Search code examples
pythonimageopencvletters

Improve the quality of the letters in a image


I'm working with images that have text. The problem is that these images are receipts, and after a lot of transformations, the text lost quality. I'm using python and opencv. I was trying with a lot of combinations of morphological transformations from the doc Morphological Transformations, but I don't get satisfactory results.

I'm doing this right now (I'll comment what I've tried, and just let uncommented what I'm using):

kernel = np.ones((2, 2), np.uint8)
# opening = cv2.morphologyEx(img, cv2.MORPH_OPEN, kernel)
# closing = cv2.morphologyEx(img, cv2.MORPH_CLOSE, kernel)
# dilation = cv2.dilate(opening, kernel, iterations=1)
# kernel = np.ones((3, 3), np.uint8)
erosion = cv2.erode(img, kernel, iterations=1)
# gradient = cv2.morphologyEx(img, cv2.MORPH_GRADIENT, kernel)
#
img = erosion.copy()

With this, from this original image:

enter image description here

I get this:

enter image description here

It's a little bit better, as you can see. But it still too bad. The OCR (tesseract) doesn't recognize the characters here very well. I've trained, but as you can note, every "e" is different, and so on.

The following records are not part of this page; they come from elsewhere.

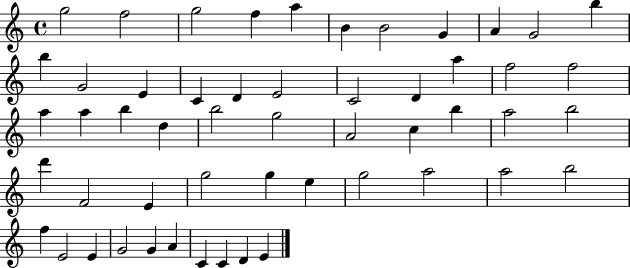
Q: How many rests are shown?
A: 0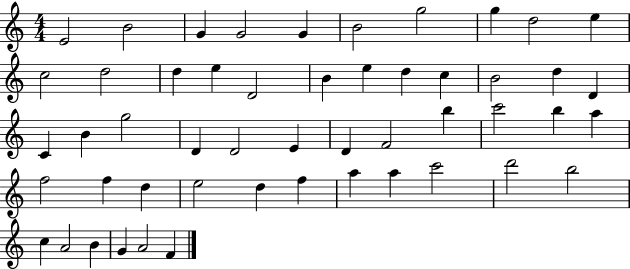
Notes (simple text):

E4/h B4/h G4/q G4/h G4/q B4/h G5/h G5/q D5/h E5/q C5/h D5/h D5/q E5/q D4/h B4/q E5/q D5/q C5/q B4/h D5/q D4/q C4/q B4/q G5/h D4/q D4/h E4/q D4/q F4/h B5/q C6/h B5/q A5/q F5/h F5/q D5/q E5/h D5/q F5/q A5/q A5/q C6/h D6/h B5/h C5/q A4/h B4/q G4/q A4/h F4/q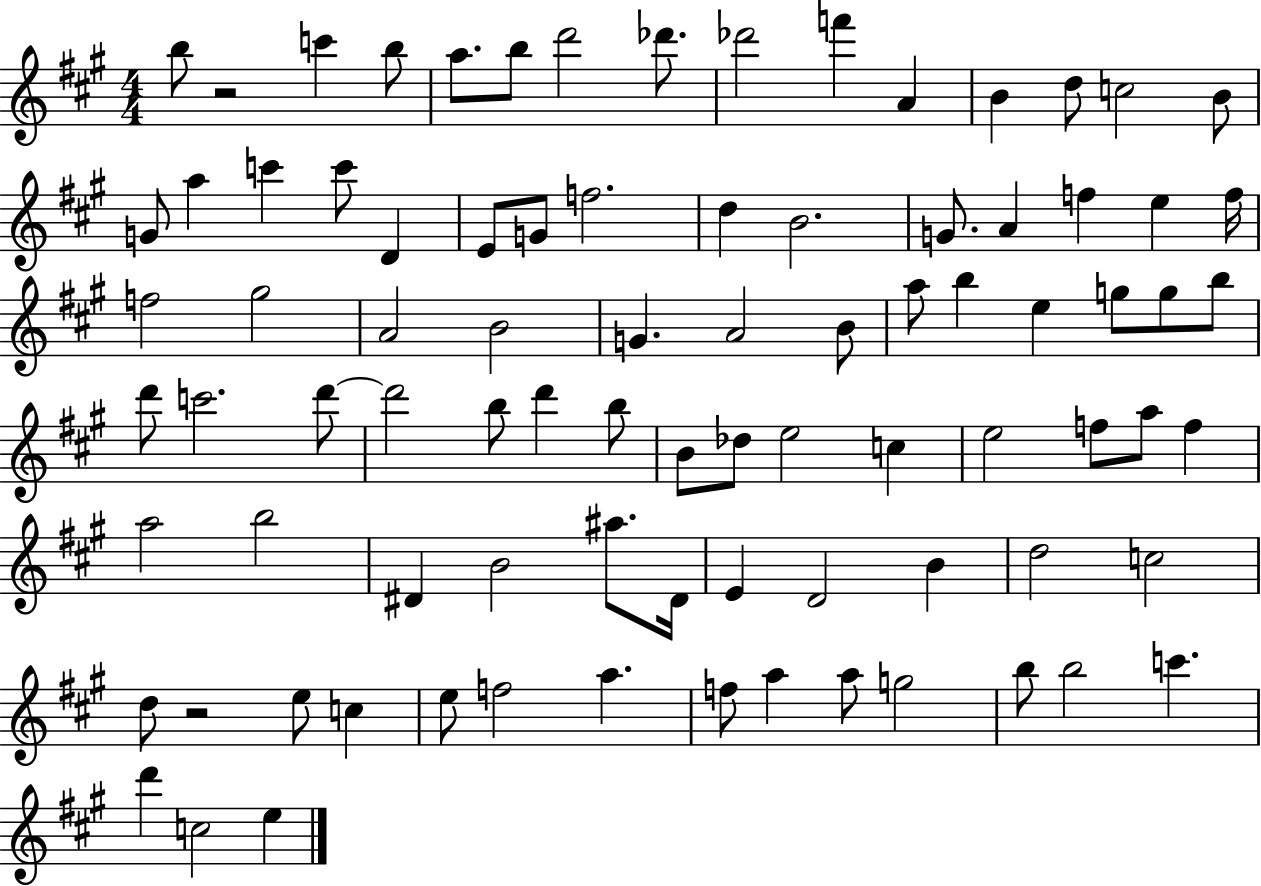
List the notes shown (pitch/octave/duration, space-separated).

B5/e R/h C6/q B5/e A5/e. B5/e D6/h Db6/e. Db6/h F6/q A4/q B4/q D5/e C5/h B4/e G4/e A5/q C6/q C6/e D4/q E4/e G4/e F5/h. D5/q B4/h. G4/e. A4/q F5/q E5/q F5/s F5/h G#5/h A4/h B4/h G4/q. A4/h B4/e A5/e B5/q E5/q G5/e G5/e B5/e D6/e C6/h. D6/e D6/h B5/e D6/q B5/e B4/e Db5/e E5/h C5/q E5/h F5/e A5/e F5/q A5/h B5/h D#4/q B4/h A#5/e. D#4/s E4/q D4/h B4/q D5/h C5/h D5/e R/h E5/e C5/q E5/e F5/h A5/q. F5/e A5/q A5/e G5/h B5/e B5/h C6/q. D6/q C5/h E5/q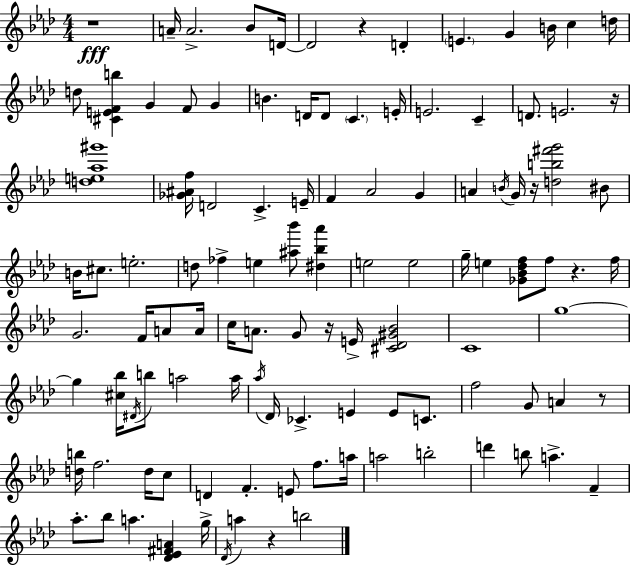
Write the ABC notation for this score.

X:1
T:Untitled
M:4/4
L:1/4
K:Fm
z4 A/4 A2 _B/2 D/4 D2 z D E G B/4 c d/4 d/2 [^CEFb] G F/2 G B D/4 D/2 C E/4 E2 C D/2 E2 z/4 [de_a^g']4 [_G^Af]/4 D2 C E/4 F _A2 G A B/4 G/4 z/4 [db^f'g']2 ^B/2 B/4 ^c/2 e2 d/2 _f e [^a_b']/2 [^d_b_a'] e2 e2 g/4 e [_G_B_df]/2 f/2 z f/4 G2 F/4 A/2 A/4 c/4 A/2 G/2 z/4 E/4 [^C_D^G_B]2 C4 g4 g [^c_b]/4 ^D/4 b/2 a2 a/4 _a/4 _D/4 _C E E/2 C/2 f2 G/2 A z/2 [db]/4 f2 d/4 c/2 D F E/2 f/2 a/4 a2 b2 d' b/2 a F _a/2 _b/2 a [_D_E^FA] g/4 _D/4 a z b2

I get good results, but I think, if I resolve this problem, they would be even better.

Maybe I can do another thing, or use a better combination of the morphological transformations. If there is another tool (PIL, imagemagick, etc..) that I could use, I can use it.

Here's the whole image, so you can see how it looks:

enter image description here

As I said, it's not so bad, but a little be more "optimization" of the letters would be perfect.


Solution

  • After years working in this theme, I can tell now, that what I wanted to do take a big effort, it's quite slow, and NEVER worked as I expected. The irregularities of the pixels in the characters are always unpredictable, that's why "easy algorithms" don't work.

    Question: It's impossible then to have a decent OCR, which can read damaged characters?

    Answer: No, it's not impossible. But it takes "a bit" more than just using erosion, morphological closing or something like that.

    Then, how? Neural Networks :)

    Here are two amazing papers that help me a lot:

    Can we build language-independent OCR using LSTM networks?

    Reading Scene Text in Deep Convolutional Sequences

    And for those who aren't familiar with RNN, I can suggest this:

    Understanding LSTM Networks

    There's also a python library, which works pretty good (and unfortunately even better for C++):

    ocropy

    I really hope this can help someone.